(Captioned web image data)

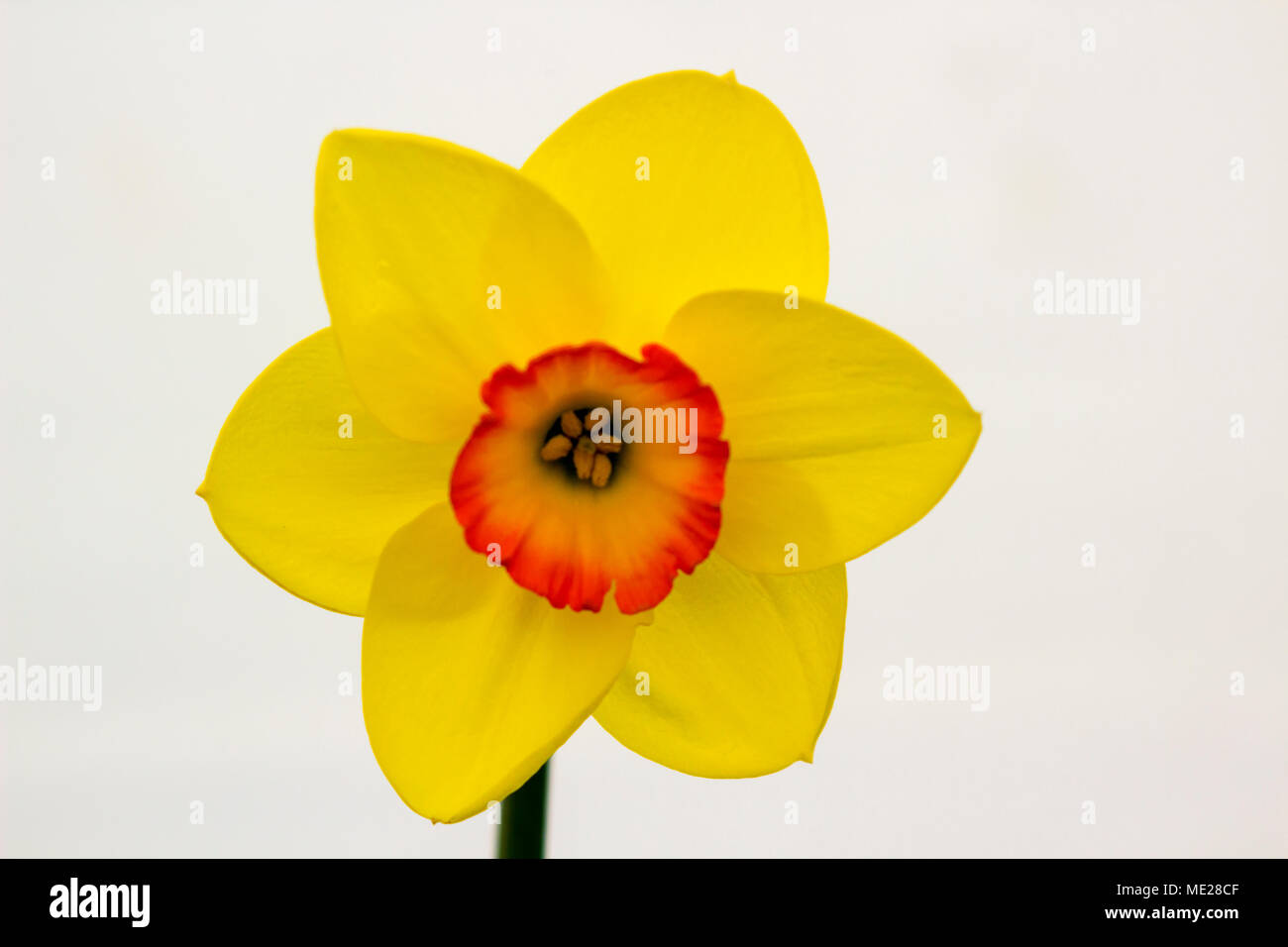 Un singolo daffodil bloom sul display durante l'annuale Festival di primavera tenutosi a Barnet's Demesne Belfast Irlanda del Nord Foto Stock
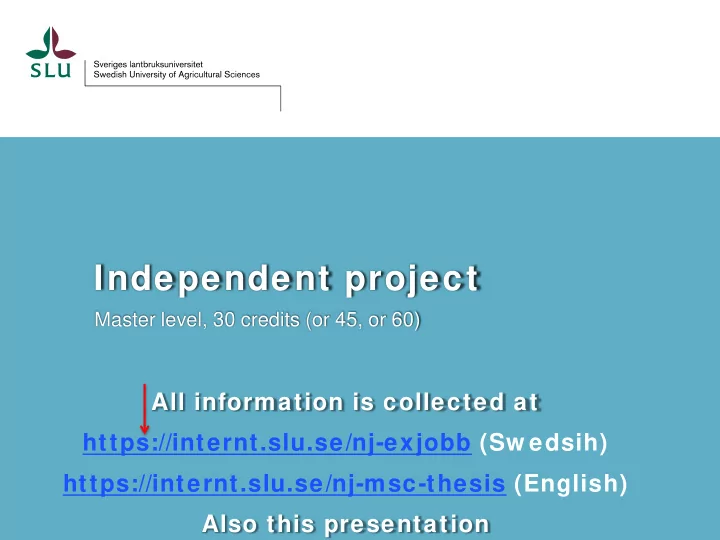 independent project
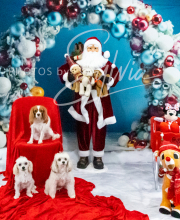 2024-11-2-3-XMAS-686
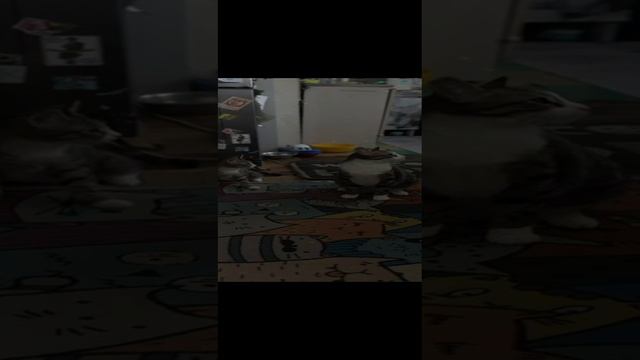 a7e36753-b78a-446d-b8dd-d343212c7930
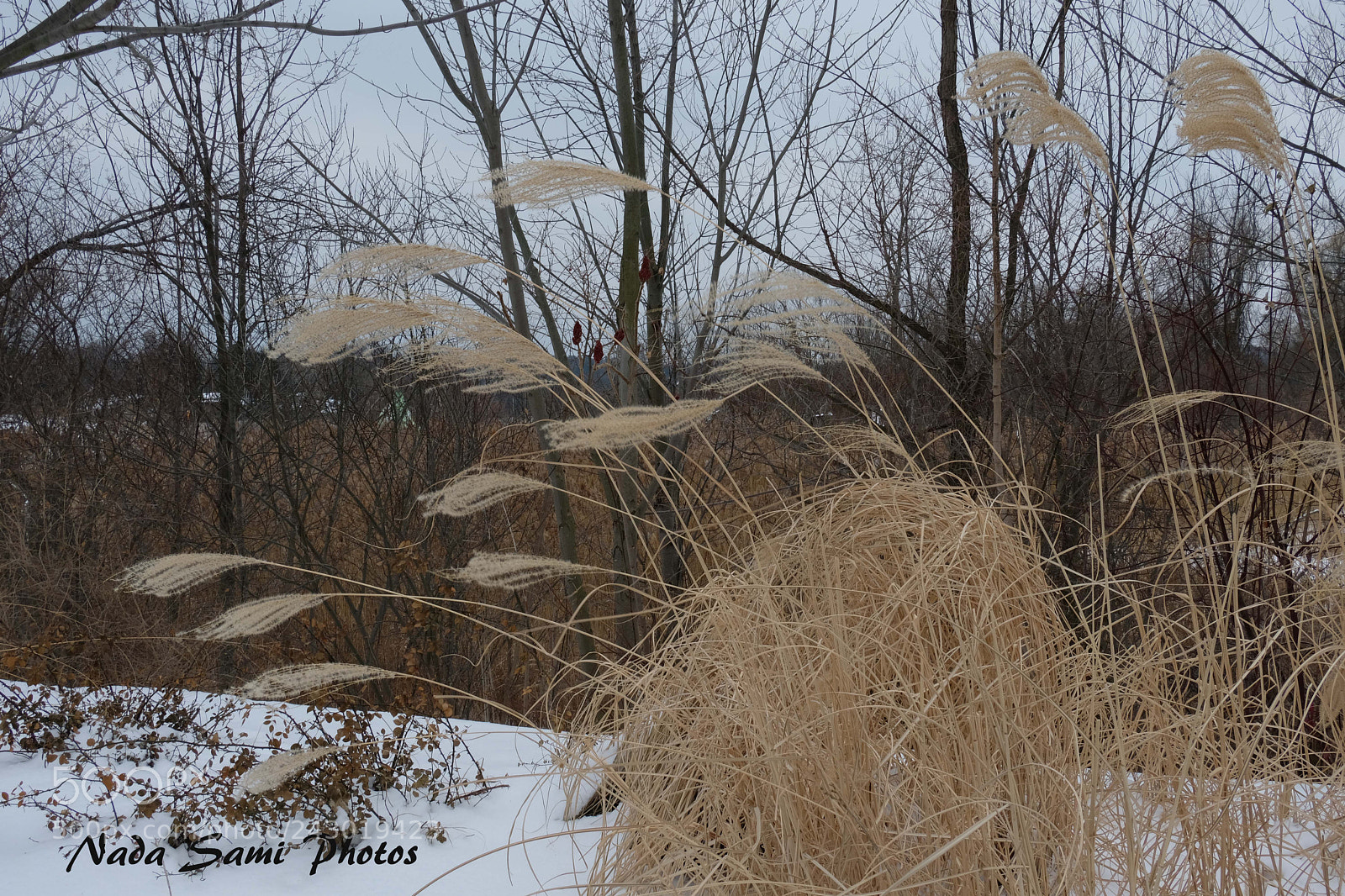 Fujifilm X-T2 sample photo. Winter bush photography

*What needs to be done*.
Output, exactly and without pictures, the span of lines that starts at the line containing "independent project" and ends at the last line above.

*Answer for this exercise*.
 independent project
 2024-11-2-3-XMAS-686
 a7e36753-b78a-446d-b8dd-d343212c7930
 Fujifilm X-T2 sample photo. Winter bush photography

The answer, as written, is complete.